The Swordsman’s Alphabet: City

C is for City. Font by Ragnarok Press.
C is for City

C is for City. Cities are the great gathering places of humanity, and by definition the most civilized places a swordsman will visit. They are filled with exotic smells (but more often awful ones) and exotic people (who are good both to rob and have sex with).

Consider the tropic jungles of the south. The bone-biting cold of the north. The long, grassy steppe with its horsemen and howling idols. Can any one of these compare to the city? No matter where a swordsman makes his fortune, the city is where he comes to lose it.

The city, after all, has everything to offer: commerce, crafts, courtesans — even cups of wine. The alphabet outdoes itself extolling the virtues of the city. And, indeed, its drawbacks: crowds, corruption, and cutthroats. How marvellous is our assortment of letters!

We are informed that one of Mr. Campbell’s disciples has suggested that cities are “wretched hive[s] of scum and villainy.” This is precisely why a swordsman should seek them out, as they present ample opportunities to be among one’s own kind.

In the city, even thieves have to watch their purses. There may be honor among thieves, but there are also union dues. As most swordsmen are, at one time or another, thieves, it is recommended that the sword pays at least the minimum necessary dues to the city’s Thieves’ Guild. The union is otherwise likely to harass the delinquent with thugs, assassins, and other such people one would rather be playing cards with.

Cities are woven from mazy streets and suffused with smogs of dubious origin. In these, the swordsman will find merchants, harlots, and beggars, will wander both temple and bazaar. One will also find the past, for as every brick is placed upon another, so every street and house has been built upon what came before.

The layers of the city are without number, and the passages between those hidden everywhere. In the city, a forgotten stair is as likely to reveal the resting place of an ancient king as of an aged beggar. The passages descend, endless, into memory and time and rats.

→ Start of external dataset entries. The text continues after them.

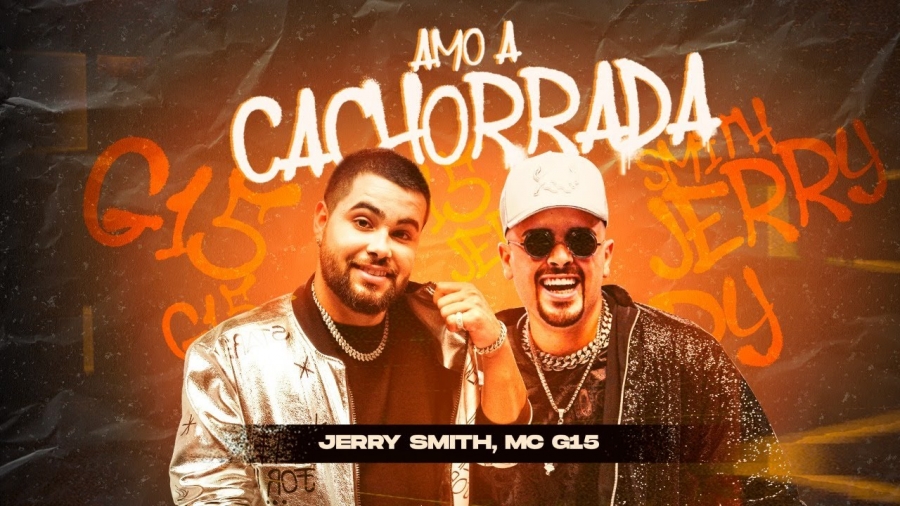 Jerry Smith & MC G15 — Amo a Cachorrada cover artwork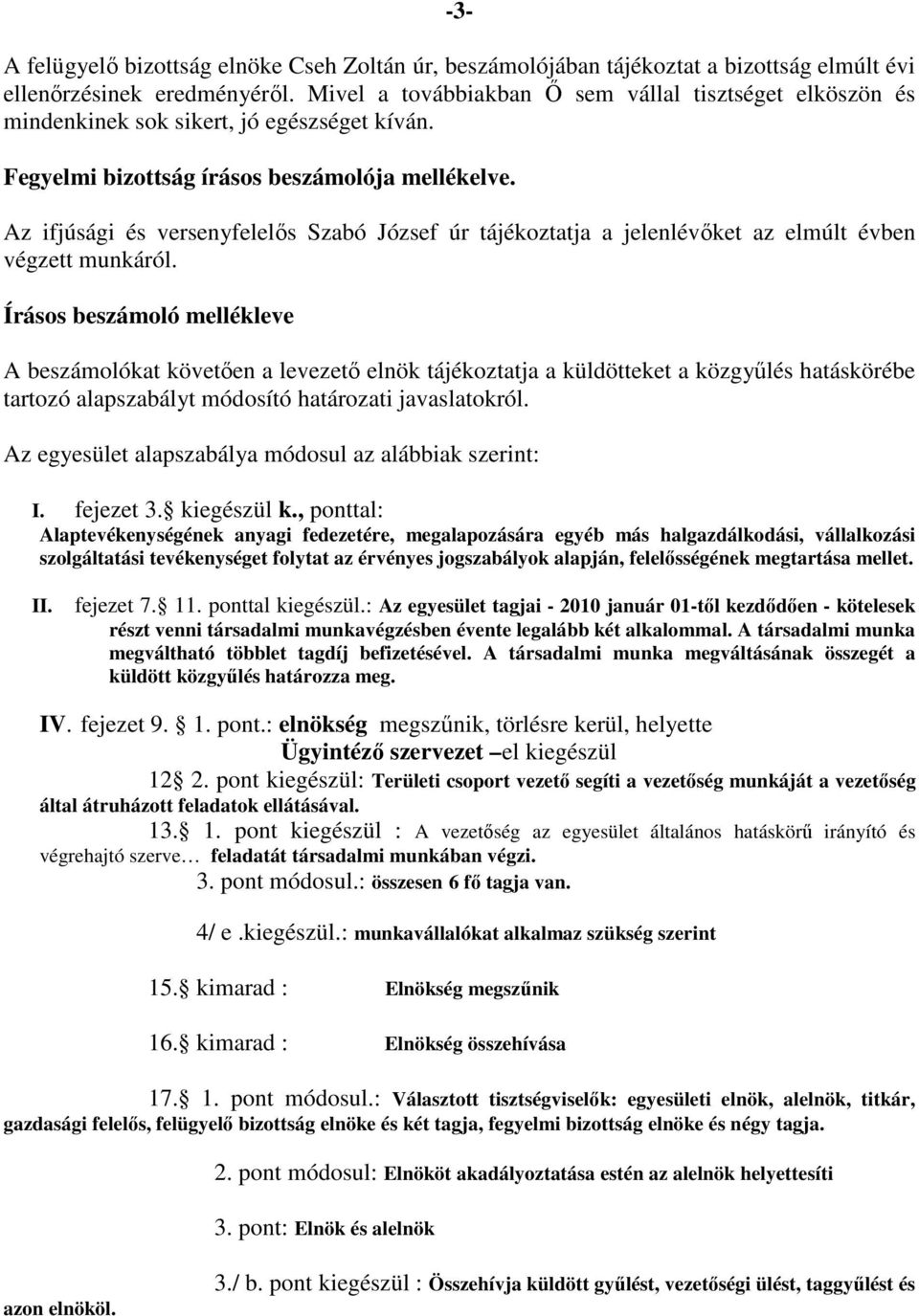 Az ifjúsági és versenyfelelős Szabó József úr tájékoztatja a jelenlévőket az elmúlt évben végzett munkáról.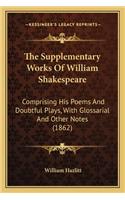 Supplementary Works of William Shakespeare: Comprising His Poems and Doubtful Plays, with Glossarial and Other Notes (1862)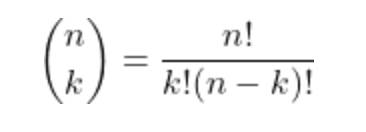 $$\binom{n}{k} = \frac{n!}{k! (n-k)!}$$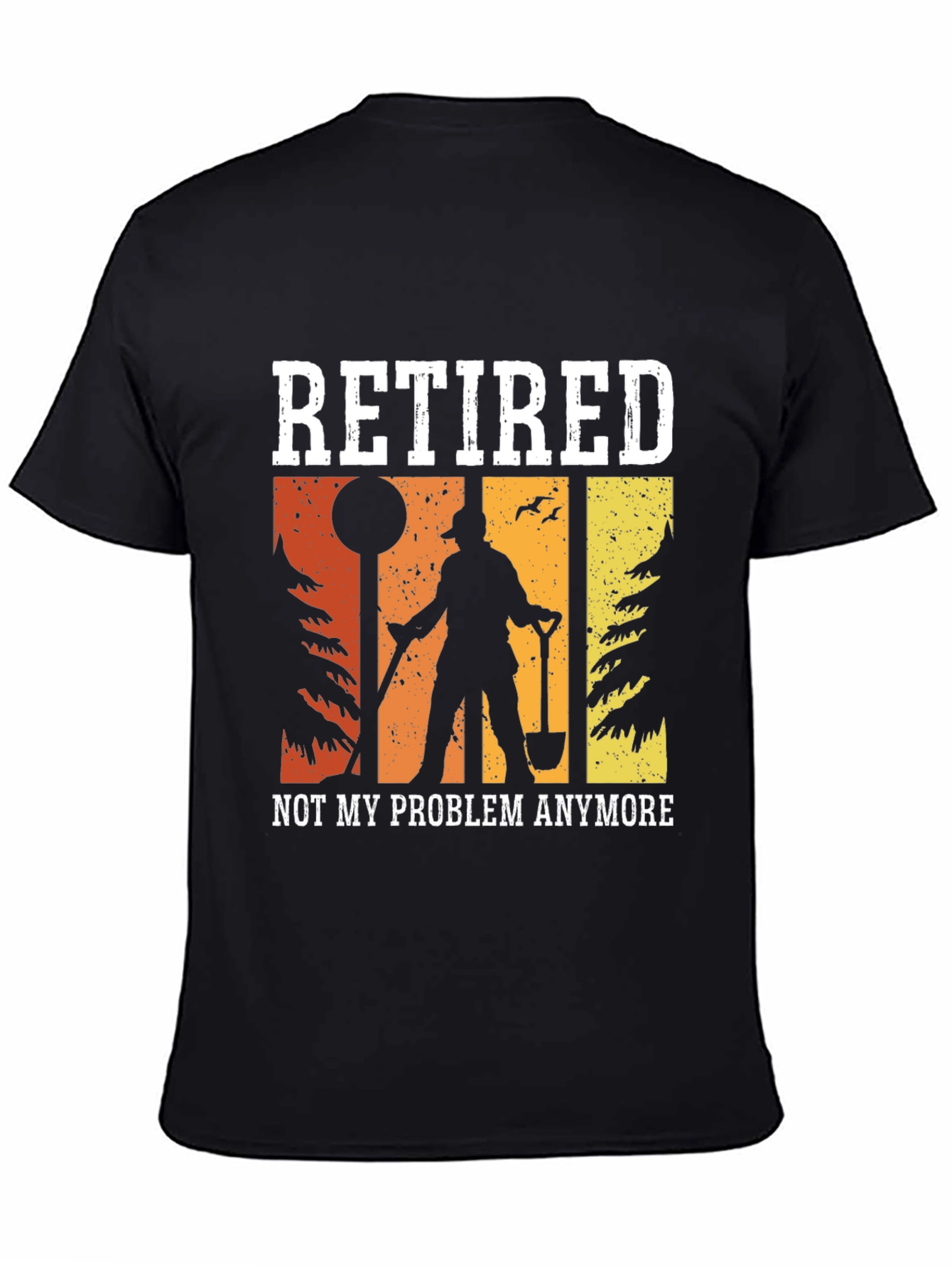 Retired Not My Problem Anymore Graphic Tee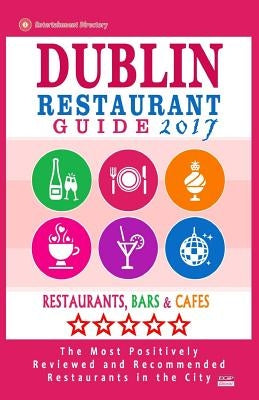 Dublin Restaurant Guide 2017: Best Rated Restaurants in Dublin, Republic of Ireland - 500 Restaurants, Bars and Cafés recommended for Visitors, 2017 by Yeats, George K.
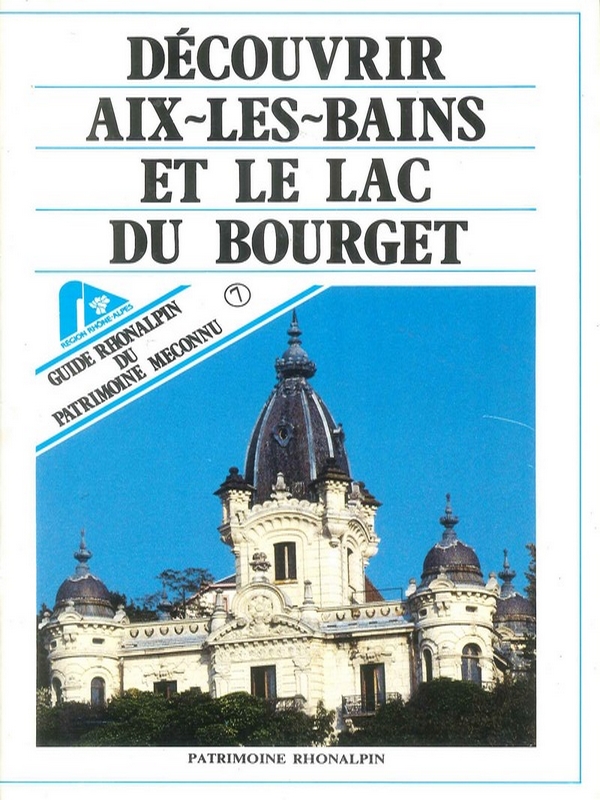 Découvrir Aix-les-Bains et le Lac du Bourget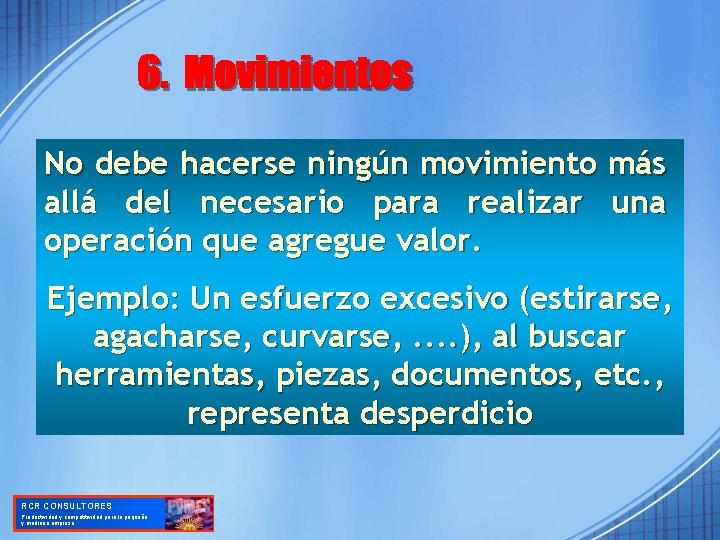 No debe hacerse ningún movimiento más allá del necesario para realizar una operación que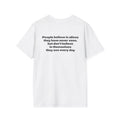 Motivational Tee "They believe in aliens, but doubt themselves"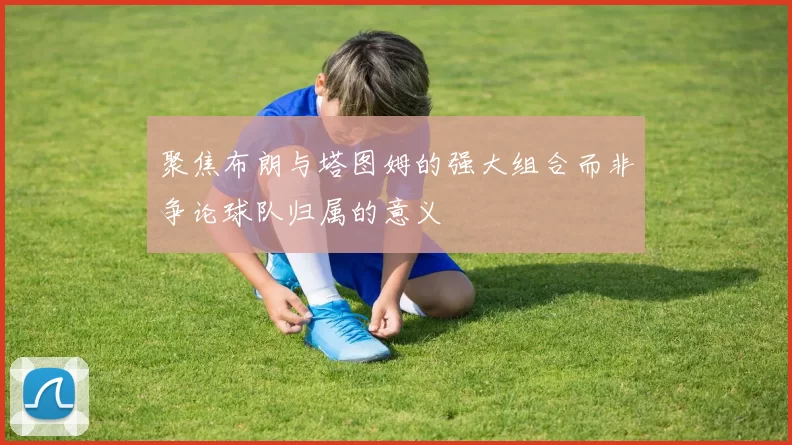 聚焦布朗与塔图姆的强大组合而非争论球队归属的意义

The greatest cities (much as, sometimes, the greatest lovers) are those past their prime. Once, the city was the center of a vast empire. Wealth was earned, harvested, sacked… now, as with a swordsman’s haul, it is merely spent. The city has become aged, but not enfeebled, decadent, but not yet decayed.

As the rain ends and runs muddily down black-slate roofs and into gutters, and the sun settles duskily over a skyline of shattered temples, the astute swordsman will see a truth. He will observe both the beauty of ever-crumbling time, and the way of all things. To be born, to be great, and then simply to be.

And one day, perhaps, to be great again. That, after all, is the life of the swordsman, and the city is the only place the wandering sword can call home.